Think of it this way: the raw metric calculation is your lizard brain, screaming “DANGER!” or “FOOD!”. The behavior configuration is your prefrontal cortex, saying “Whoa, hold on, let’s think about this for a second and not just punch the wall / eat the entire cake.”

The Stabilization Window: Your Panic Button Cooldown

The core mechanism for this sanity is the stabilization window. For scaling up, it’s a cooldown period. For scaling down, it’s a proving period.

When the HPA recommends a new desired replica count, it doesn’t just look at the very last metric value. It looks at all the recommended values from inside this window and chooses the one that ensures stability. For scale-ups, it takes the maximum recommendation from the window. This is a “better safe than sorry” approach. If we had a massive traffic spike 10 seconds ago and a slightly smaller one now, we scale to handle the massive spike. We’re protecting against the worst-case scenario.
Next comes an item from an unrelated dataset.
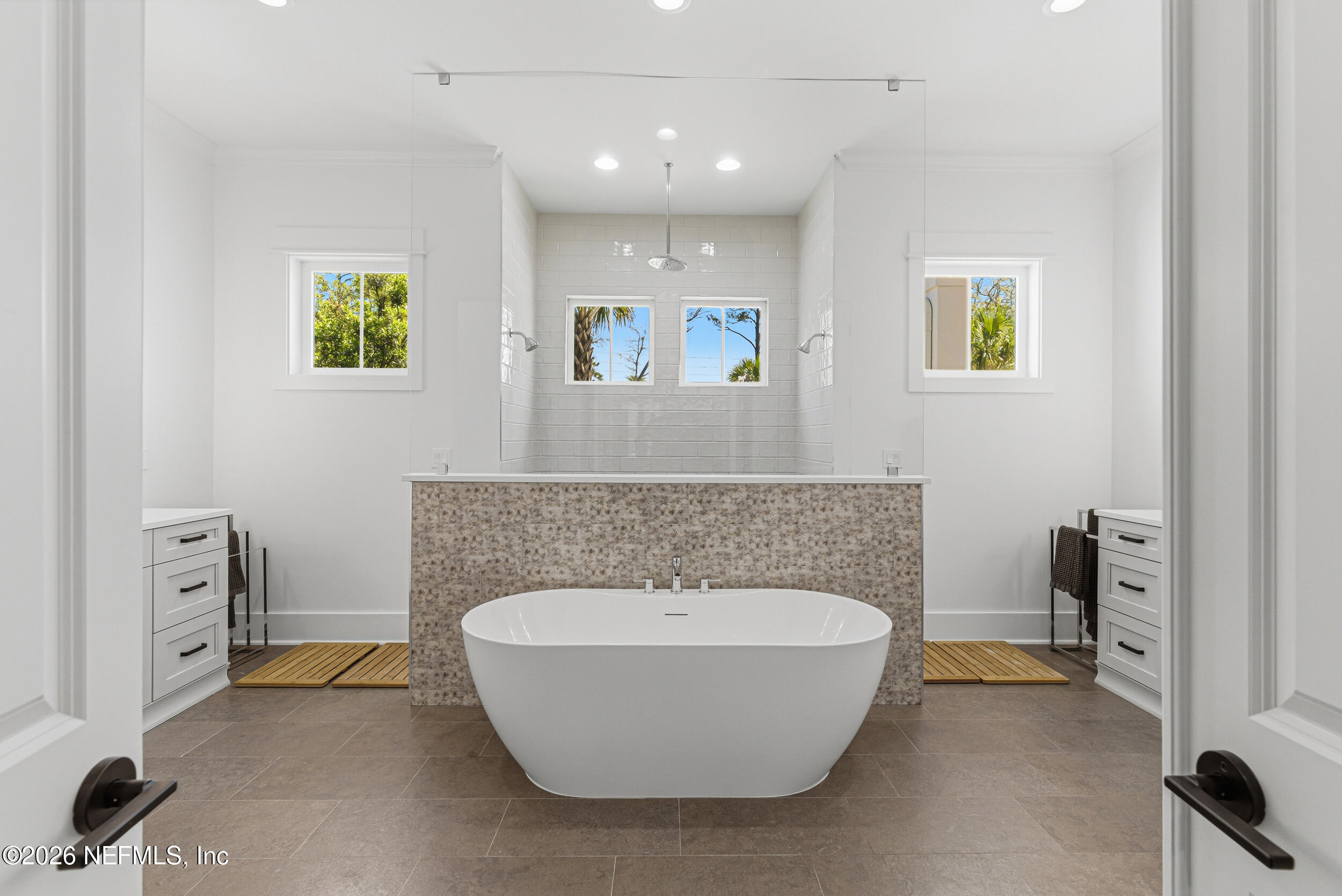 4640 Palm Vly Road Ponte Vedra Beach, FL 32082 - Photo 31 of 72 a spacious bathroom with a bathtub and a window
For scale-downs, it takes the minimum recommendation. This is profoundly important. It means the HPA has to be convinced, for the entire duration of the window, that scaling down is safe. A single metric sample suggesting a scale-down isn’t enough; it has to be a sustained trend. This saves you from scaling down too aggressively just because of a momentary dip in traffic.

Here’s what this looks like in the YAML. The scaleUp and scaleDown stanzas are where the magic happens.

apiVersion: autoscaling/v2
kind: HorizontalPodAutoscaler
metadata:
  name: my-app-hpa
spec:
  scaleTargetRef:
    apiVersion: apps/v1
    kind: Deployment
    name: my-app
  minReplicas: 3
  maxReplicas: 100
  behavior:
    scaleUp:
      stabilizationWindowSeconds: 60
      policies:
        - type: Pods
          value: 4
          periodSeconds: 15
    scaleDown:
      stabilizationWindowSeconds: 300  # A much longer, more cautious window
      policies:
        - type: Percent
          value: 10
          periodSeconds: 60

Policies: The Rate Limiter

Policies are the other half of the equation. While the stabilization window decides which recommendation to trust, policies dictate how quickly we can act on it. They are a rate-of-change limiter.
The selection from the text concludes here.